6.30.2014

And a Jar of Marbles

We had a baby dedication at church. It was nice, different from the usual ones I've seen, where at some point during the usual church service, the families come up, the pastor says a few words, everyone sings "Jesus Loves the Little Children," you get your Bible and sit down. Sound familiar?

This one took place on a Saturday and the chairs in the sanctuary were out, replaced by round tables. We'd all been encouraged to invite friends and family, people who would be instrumental in the raising of our child. The room was bursting at the seems and full of happy noises, babies crying, siblings whispering, good life sounds.

We listened to an older couple talk about parenting. Having successfully raised three well-functioning children into adulthood, they had their credibility. One thing that I've been reminded of time and time again stood out. Parenting is hard, of course. But people make out the baby year to be the hardest. You have a squalling, entirely dependent being plopped into your life who has major needs but no way of communicating those needs short of yelling at you at full volume. You lose sleep. You do laundry 47 times per week. You think about your pre-baby life in disbelief. And yes, the baby year is hard, no doubt. But it's not parenting. It's survival - for you and your baby. That's all you're doing. You're instilling love through your gentle hands and loving responses to that terrorist child's every need. But it's not parenting.
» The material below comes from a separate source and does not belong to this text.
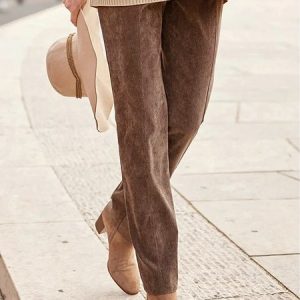 Loose Plain Casual Suede Pants, Pants, Roselinlin - Online Catalog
Parenting kicks in a few years later, when the choices you make and the responses you have to your child will set them down the path towards success or the therapist's office. And half the time you don't know which path you're on.

I was talking to a mom of one of Violet's classmates. She asked me how the summer was going and I told her the whining around our house was EPIC. "I know," she sympathized. "I just keep telling myself it's a phase, it's only a phase." And while that might be true, that all things do indeed pass, I feel like my reactions to the whining are crucial. Giving in, standing firm, yelling, responding with loving patience, ignoring it - there are so many choices, and I really want my reaction to be the drop in the bucket of a kind, respectful person. I'm growing a human being over here! God forbid the way I respond the 83rd time she asks to watch another My Little Pony episode in a screeching voice that could cause a dog to chew its own leg off be the one response that tips her over the edge towards being a horrible, snotty, self-absorbed, entitled brat when she's 14. (Although the teenage years might be a lost cause.) This is parenting, people!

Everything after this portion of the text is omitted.